» **ASSIGNMENT**: Provide a verbatim copy of all the records below, leaving the images out.

** DATA FOR THIS EXERCISE follows **

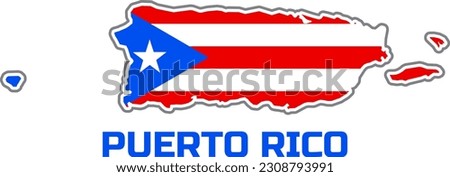 Map of the country of PUERTO RICO  in the colors of the state flag of PUERTO RICO.  With the description of the country name 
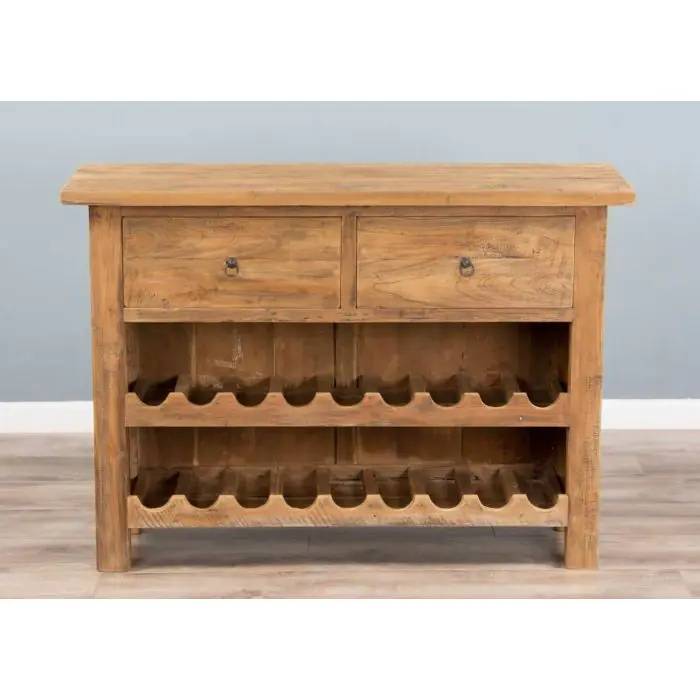 Reclaimed Teak Rustic Wine Rack - 9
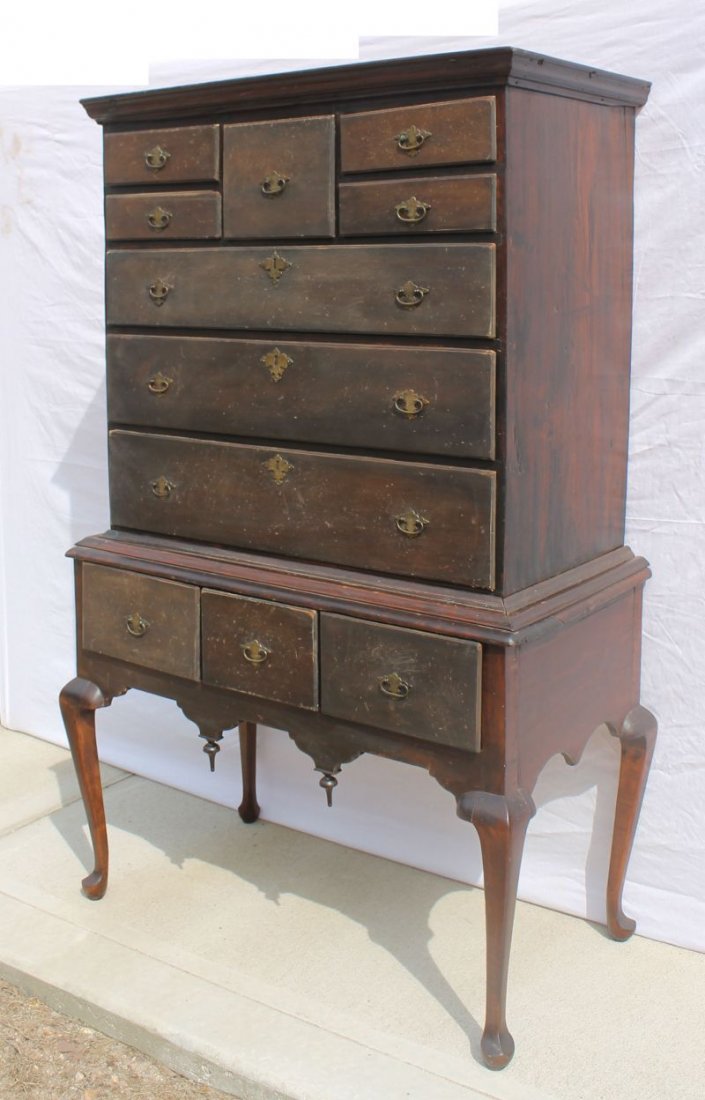 very early ca 1730's period QA poplar & maple flat top : very early ca 1730's period QA poplar & maple flat top highboy from Coastal CT - 66" tall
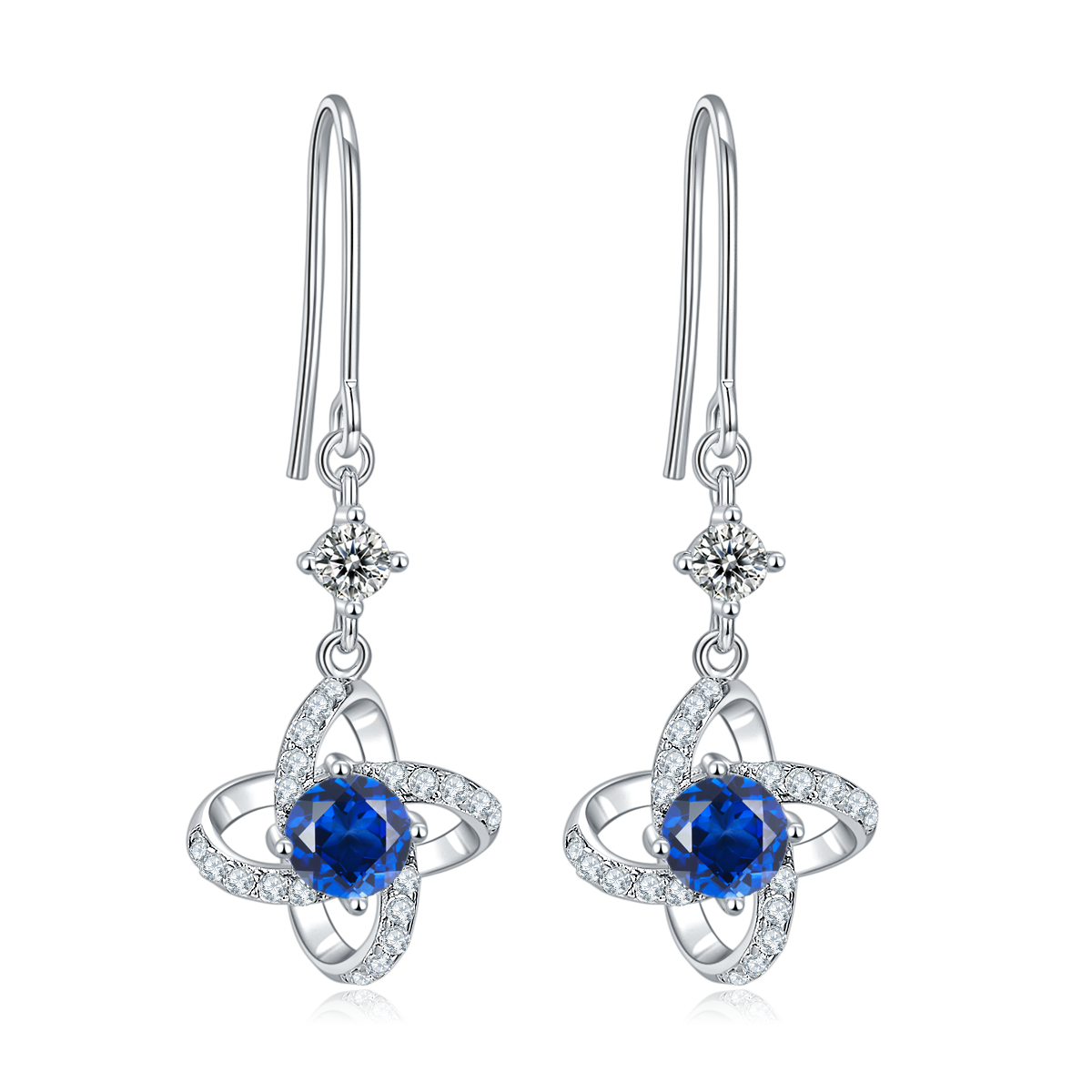 S925 Sterling Silver Clover Dangle Earrings, 0.5ct D-VVS1 Moissanite & Lab-Grown Gemstones, Platinum Plated Hook Earrings For Women With Gift Box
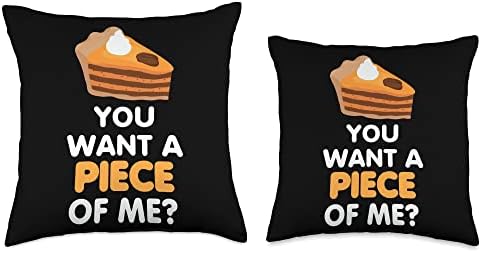 Thanksgiving You Want a Piece of Me Pumpkin Pie Throw Pillow - Image 3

** End of DATA FOR THIS EXERCISE **

» **YOUR RESPONSE**:
 Map of the country of PUERTO RICO  in the colors of the state flag of PUERTO RICO.  With the description of the country name 
 Reclaimed Teak Rustic Wine Rack - 9
 very early ca 1730's period QA poplar & maple flat top : very early ca 1730's period QA poplar & maple flat top highboy from Coastal CT - 66" tall
 S925 Sterling Silver Clover Dangle Earrings, 0.5ct D-VVS1 Moissanite & Lab-Grown Gemstones, Platinum Plated Hook Earrings For Women With Gift Box
 Thanksgiving You Want a Piece of Me Pumpkin Pie Throw Pillow - Image 3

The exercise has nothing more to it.